Diagnostic significance of autoantibody combination in fetal growth restriction with early and late manifestation
- Authors: Yakubova D.I.1, Ignatko I.V.1, Megrabyan A.D.1, Silaeva T.M.1, Bogomazova I.M.1
-
Affiliations:
- I.M. Sechenov First Moscow State Medical University (Sechenov University)
- Issue: Vol 9, No 4 (2022)
- Pages: 203-211
- Section: Original study articles
- Submitted: 25.07.2022
- Published: 24.12.2022
- URL: https://archivog.com/2313-8726/article/view/109481
- DOI: https://doi.org/10.17816/2313-8726-2022-9-4-203-211
- ID: 109481
Cite item
Abstract
BACKGROUND: Fetal growth restriction (FGR) is one of the current problems in modern obstetrics and perinatology, which is associated with a large number of adverse perinatal outcomes.
AIM: This study aimed to assess the diagnostic significance of the combination of autoantibodies (AAB) in the early and late FGR manifestation.
MATERIALS AND METHODS: The study involved 117 pregnant women, classified into Group 1 (90 women with FGR) and Group 2 (27 women with a physiological course of pregnancy). Pregnant women with FGR were divided into two subgroups depending on the time of manifestation, i.e. FGR subgroups with early and late manifestation (45 patients each), respectively. Upon hospital admission, all patients of the study groups had blood sampling to determine autoimmune AABs using the ELI-P-test.

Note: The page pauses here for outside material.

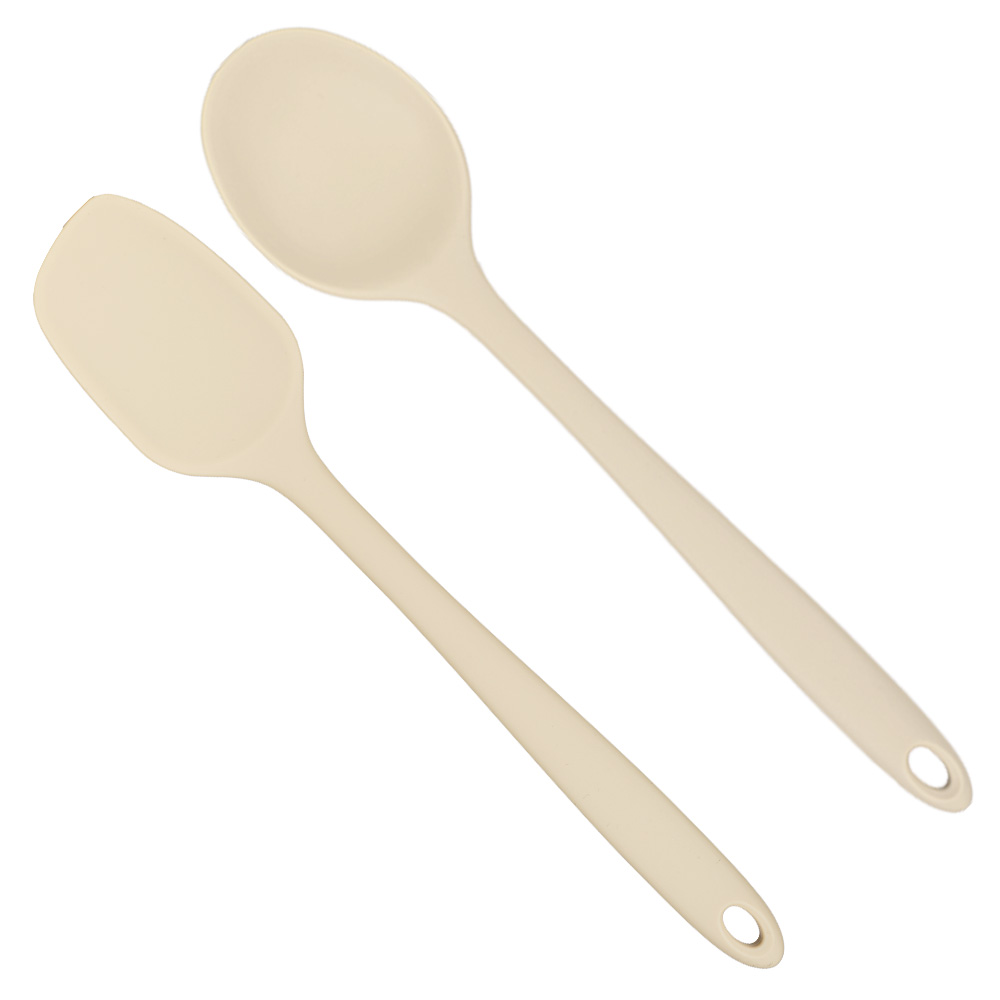 모모빈 실리콘 이유식 조리도구 스파츌라 + 멀티스푼 요리스푼 미니 볶음주걱, 크림 브륄레, 1세트, 스파츌라  L + 멀티스푼 L 13,900원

RESULTS: An isolated increase in AABs to human chorionic gonadotropin (hCG) antigen, TrM (AAB markers of changes in vascular and hemostasis system), S100 protein, antineutrophil cytoplasm antibodies (ANCA), and KiMS (AABs to the cytoplasmic antigen of glomerular kidney cells) were observed in the early FGR manifestation when comparing the abnormal AAB spectrum in the early and late FGR manifestation, while a statistically significant isolated increase in the level of AABs to DNA and insulin was found in the late FGR manifestation.
CONCLUSIONS: The study revealed the diagnostic significance of AAB combinations, as well as the combinations of increased AAB levels to hCG, S100, ANCA, and KiMS and an increase in AABs to DNA, collagen, and S100 protein in the early and late FGR manifestation, respectively.
Full Text
BACKGROUND
Fetal growth restriction (FGR) is a common placenta-associated complication of pregnancy that increases the risk of preterm delivery and premature birth, antepartum and intrapartum death of the fetus and newborn, and other adverse outcomes [1]. FGR is characterized by impaired fetoplacental blood flow, fetal weight 5th percentile, frequent oligohydramnios, and signs of hypoxia according to cardiotocography (CTG).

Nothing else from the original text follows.